WORK INSTRUCTION: Print all of the records. Exclude the images.
★ ★ ★ ★
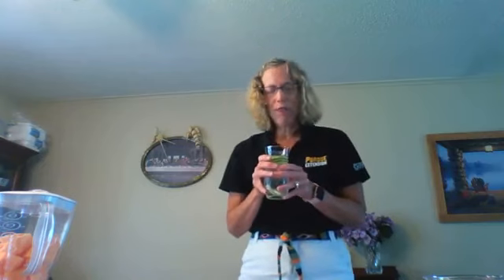Good afternoon, I'm Marcia Parcell, health and human science educator for Purdue Extension in Dearborn County, and welcome to Cooking Capers. This is the seventh week and we want to focus on four healthy moves.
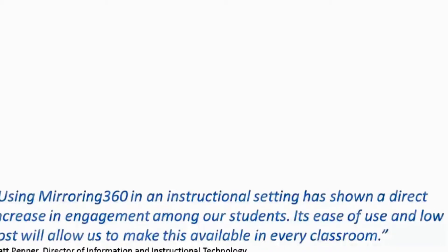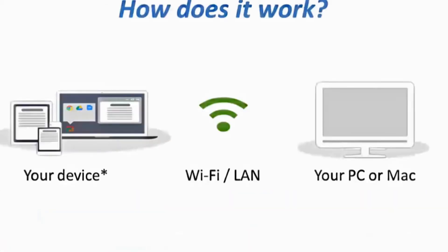So how does it work? On the right-hand side you'll see a PC or Mac — this is your target computer and this is where the screens will be mirrored. If it is connected to a projector or a whiteboard, then everyone in the room will be able to see those screens. Your devices on the left are connected to your PC or Mac directly over the Wi-Fi and LAN, and as you start up Mirroring 360 on each of those devices, the screens will be transferred directly to the PC or the Mac.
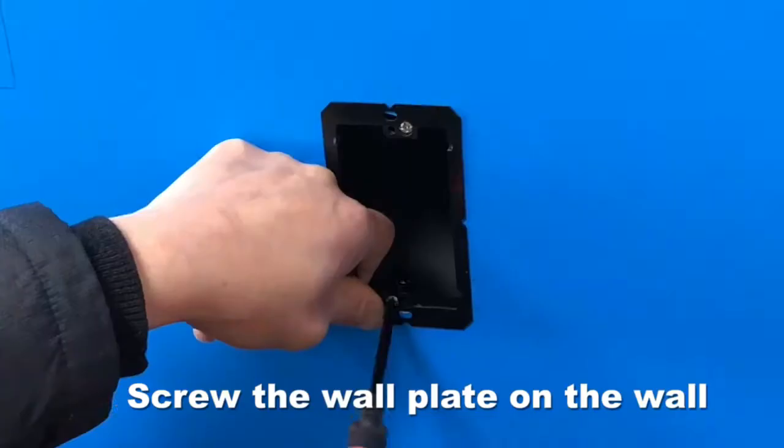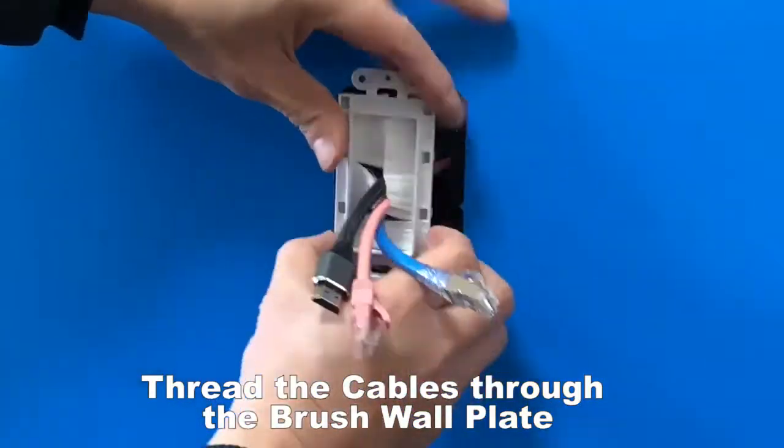Screw the wall plate on the wall. Thread the cables through the brush wall plate.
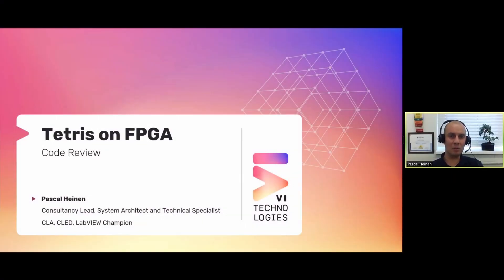Welcome everyone for the last presentation, which is my presentation. Tetris on FPGA is a hobby project of mine. I work for VI Technologies and I'm a CLA, CLED, and a LabVIEW champion.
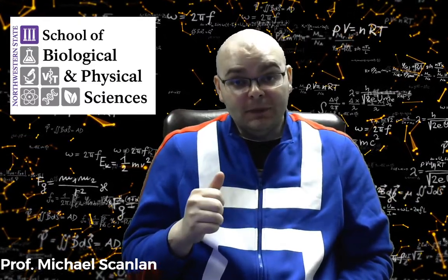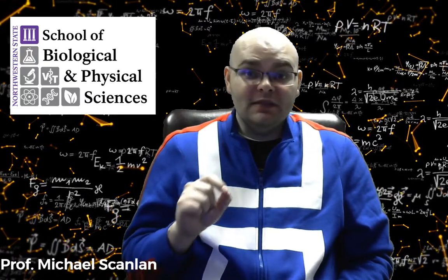Hey everyone, Professor Michael Scanlon coming to you again from Northwestern State. Today's little activity experiment deals with the concepts of pressure and specific heat.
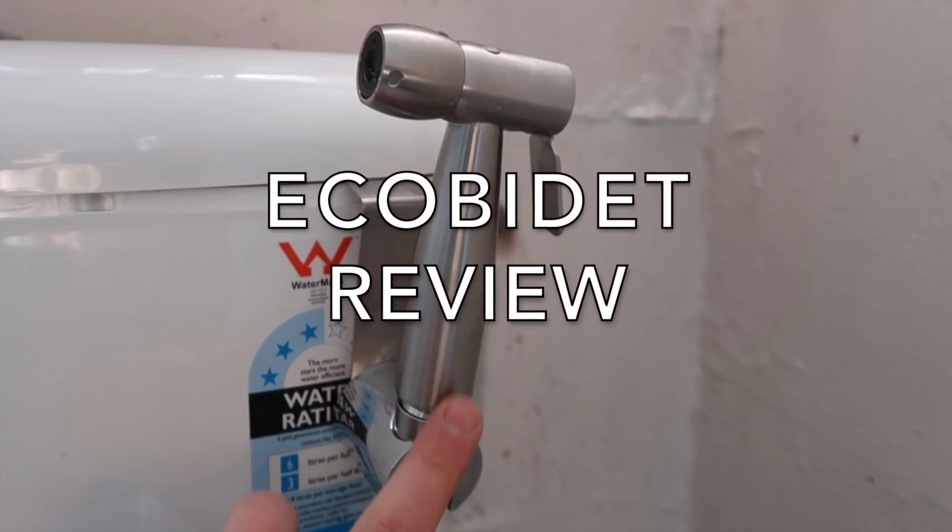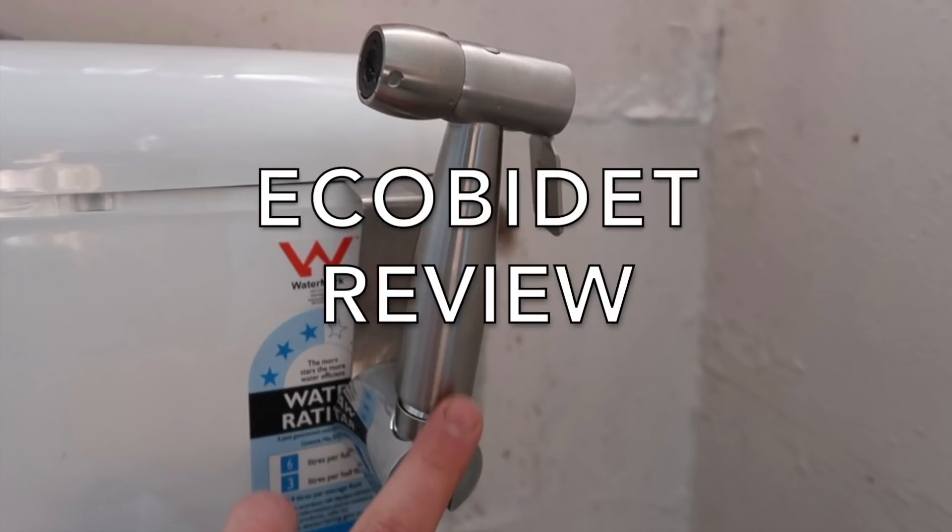Hey everybody, Samantha White here and today I'm going to be talking all about bidets. Didn't see that one coming, did ya? Well, you probably did because it's in the title, but whatever.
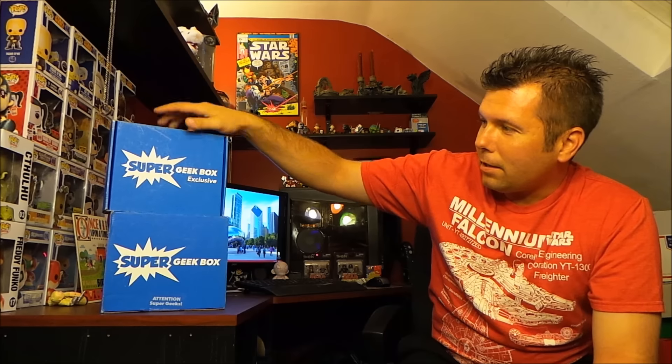Hey, what's up, it's the Nerf Herder and I got my first ever Super Geek Box. This is a newer geeky subscription box I found out about through another YouTuber, Epic Comic Cast. It's actually been around for a couple months — I can't believe I didn't know about it. I think it's possibly one of the people from One-Up Box who branched off and formed this company. The pricing is about the same, around $18 shipped. I got two boxes — one little tiny box and a bigger box — and this one says 'Super Geek Box Exclusive.'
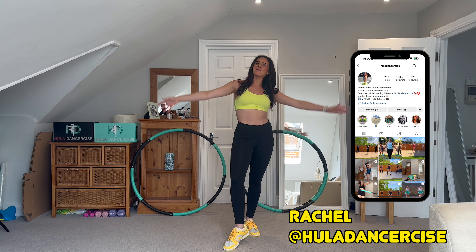Hello everyone! Welcome back to my channel. I am Rachel, creator and founder of Hoola Dancercise.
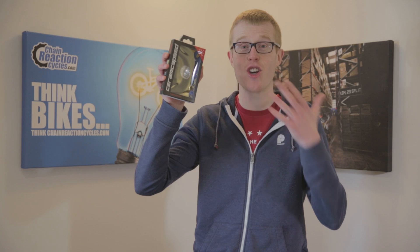Do you think Ceramic Speed bearings like this would make a difference to your ride? Let us know in the comments section below.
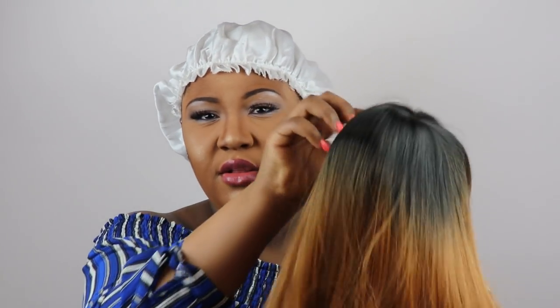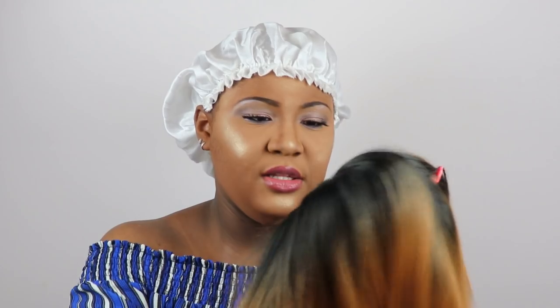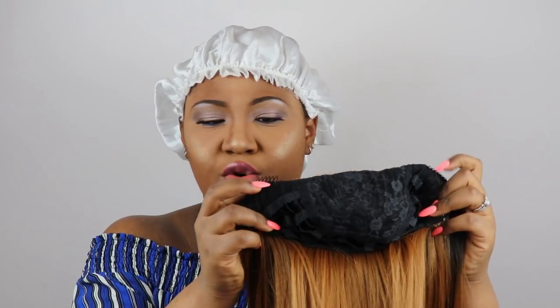This is what the color looks like, and obviously it's a blunt cut with a bang. It kind of has a yaki texture to it — it's silky but it looks yaki. Now inside the cap there are combs — two combs right here and a comb in the back where the tag is.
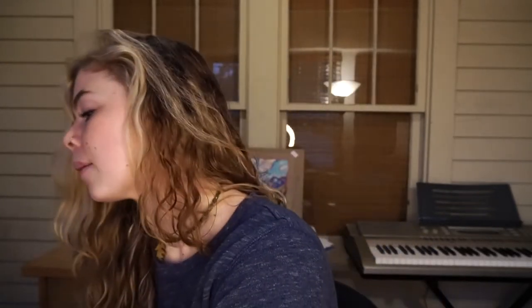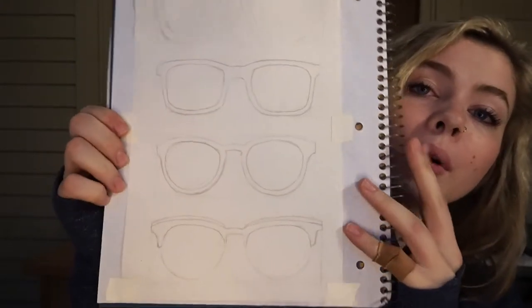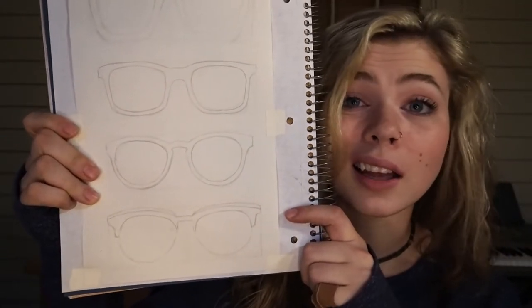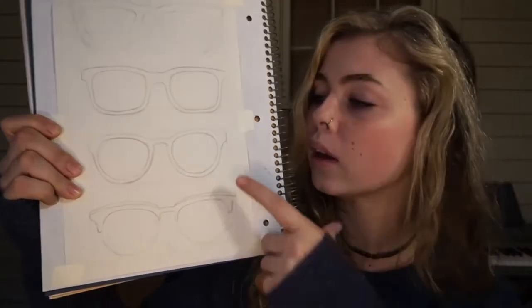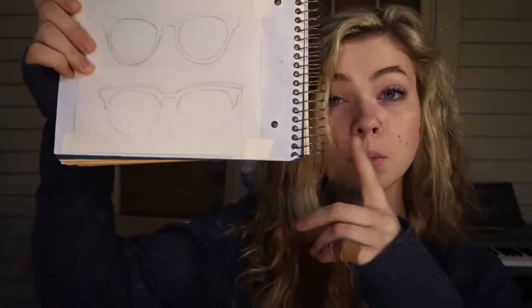I did a couple of designs and mock-ups of what I want the glasses to look like. The top one we're just gonna ignore because it's hideous, but the second one down is more of a boxy style — just more of your standard sunglass shape, a classic. I'm pretty good leaning towards that one. The third one down is more of a round style, and the fourth is more of a browline style. I'm leaning more towards the boxy just because it's a pretty timeless style and I have some lenses that I might be able to use that fit that shape.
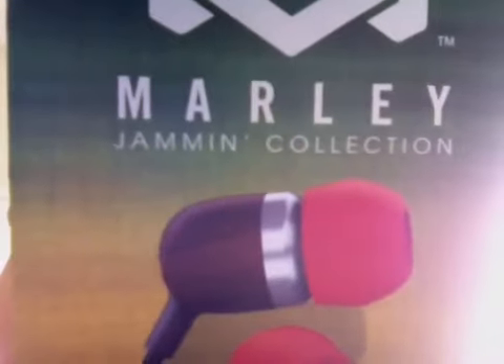Hey guys, sorry about the lighting. So today I got the Bob Marley Jamming collection, their red earphones.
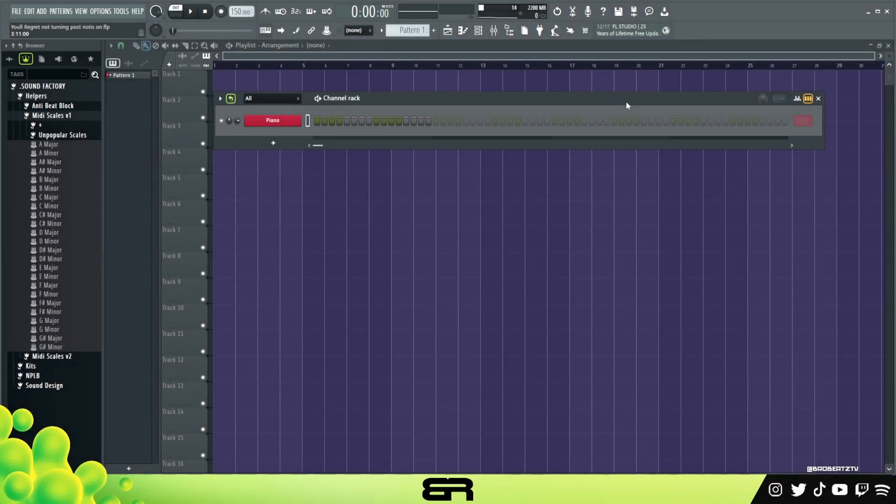What's up guys, we're gonna Real Beats and today I'm gonna be showing you how to play the piano with your mouse in a DAW. With that being said, let's just go ahead and get started. BPM 150, so let's not waste any time.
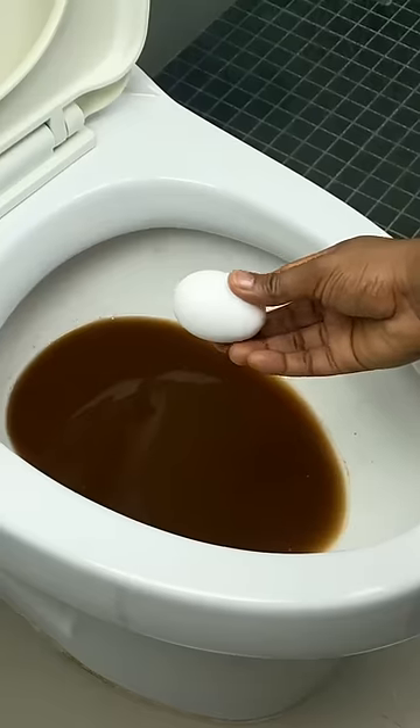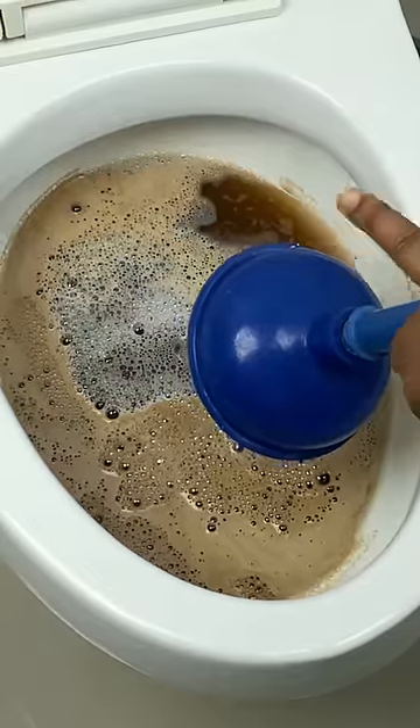The plumbers don't want you to know this secret. You won't need the plumbers anymore when the toilet gets stuck.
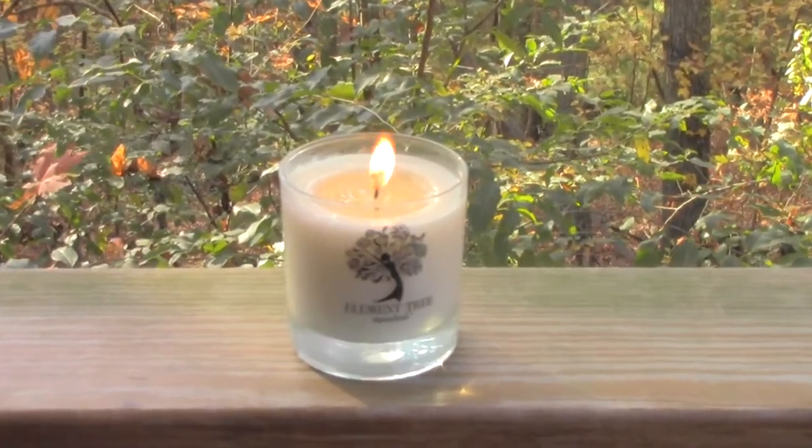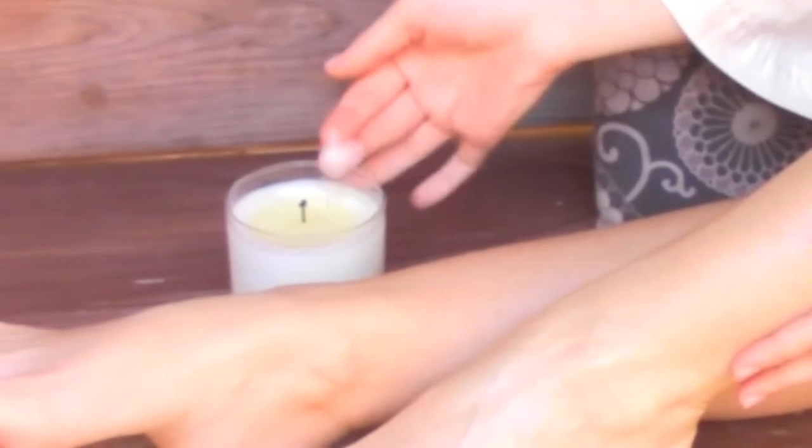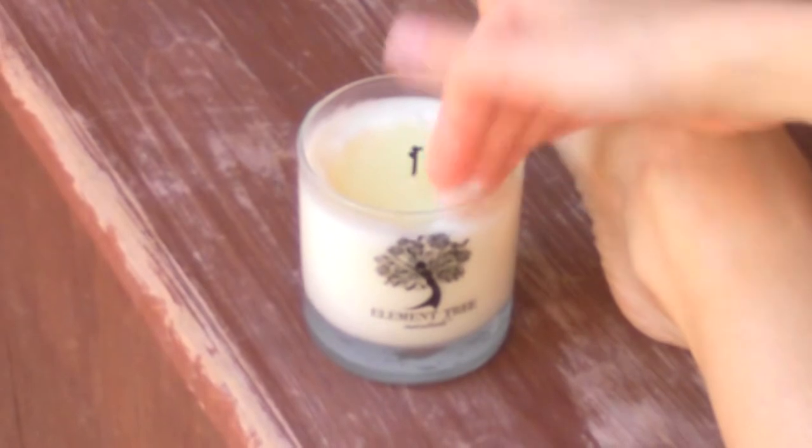Elementary Essentials Lotion Candles are made with top of the line cosmetic soy wax and a blend of the finest botanical ingredients: shea butter, vitamin E, grapeseed oil, coconut oil, and almond oil.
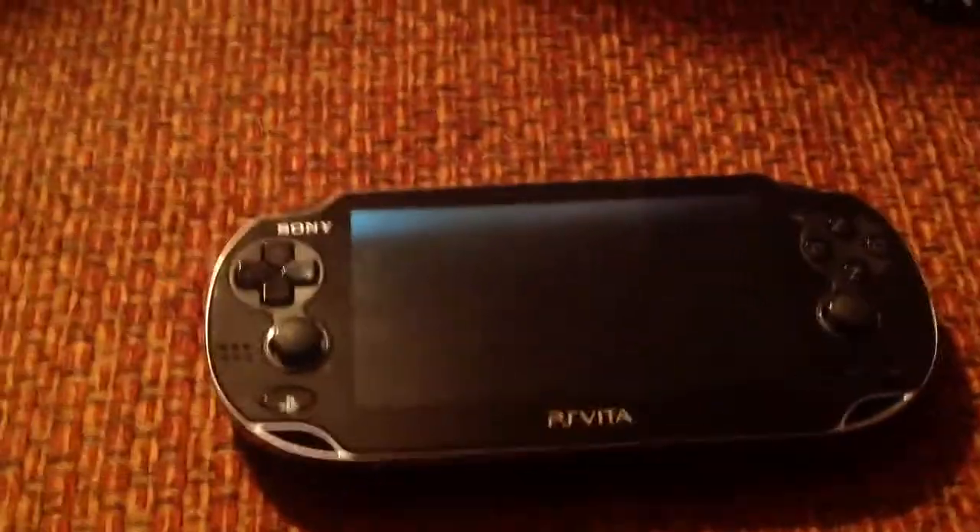Hello everyone, today we're going to do the review on a PS Vita, so let's get started. These are all the games I have so far.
★ ★ ★ ★
ANSWER FOR THIS EXERCISE:
Good afternoon, I'm Marcia Parcell, health and human science educator for Purdue Extension in Dearborn County, and welcome to Cooking Capers. This is the seventh week and we want to focus on four healthy moves.
So how does it work? On the right-hand side you'll see a PC or Mac — this is your target computer and this is where the screens will be mirrored. If it is connected to a projector or a whiteboard, then everyone in the room will be able to see those screens. Your devices on the left are connected to your PC or Mac directly over the Wi-Fi and LAN, and as you start up Mirroring 360 on each of those devices, the screens will be transferred directly to the PC or the Mac.
Screw the wall plate on the wall. Thread the cables through the brush wall plate.
Welcome everyone for the last presentation, which is my presentation. Tetris on FPGA is a hobby project of mine. I work for VI Technologies and I'm a CLA, CLED, and a LabVIEW champion.
Hey everyone, Professor Michael Scanlon coming to you again from Northwestern State. Today's little activity experiment deals with the concepts of pressure and specific heat.
Hey everybody, Samantha White here and today I'm going to be talking all about bidets. Didn't see that one coming, did ya? Well, you probably did because it's in the title, but whatever.
Hey, what's up, it's the Nerf Herder and I got my first ever Super Geek Box. This is a newer geeky subscription box I found out about through another YouTuber, Epic Comic Cast. It's actually been around for a couple months — I can't believe I didn't know about it. I think it's possibly one of the people from One-Up Box who branched off and formed this company. The pricing is about the same, around $18 shipped. I got two boxes — one little tiny box and a bigger box — and this one says 'Super Geek Box Exclusive.'
Hello everyone! Welcome back to my channel. I am Rachel, creator and founder of Hoola Dancercise.
Do you think Ceramic Speed bearings like this would make a difference to your ride? Let us know in the comments section below.
This is what the color looks like, and obviously it's a blunt cut with a bang. It kind of has a yaki texture to it — it's silky but it looks yaki. Now inside the cap there are combs — two combs right here and a comb in the back where the tag is.
I did a couple of designs and mock-ups of what I want the glasses to look like. The top one we're just gonna ignore because it's hideous, but the second one down is more of a boxy style — just more of your standard sunglass shape, a classic. I'm pretty good leaning towards that one. The third one down is more of a round style, and the fourth is more of a browline style. I'm leaning more towards the boxy just because it's a pretty timeless style and I have some lenses that I might be able to use that fit that shape.
Hey guys, sorry about the lighting. So today I got the Bob Marley Jamming collection, their red earphones.
What's up guys, we're gonna Real Beats and today I'm gonna be showing you how to play the piano with your mouse in a DAW. With that being said, let's just go ahead and get started. BPM 150, so let's not waste any time.
The plumbers don't want you to know this secret. You won't need the plumbers anymore when the toilet gets stuck.
Elementary Essentials Lotion Candles are made with top of the line cosmetic soy wax and a blend of the finest botanical ingredients: shea butter, vitamin E, grapeseed oil, coconut oil, and almond oil.
Hello everyone, today we're going to do the review on a PS Vita, so let's get started. These are all the games I have so far.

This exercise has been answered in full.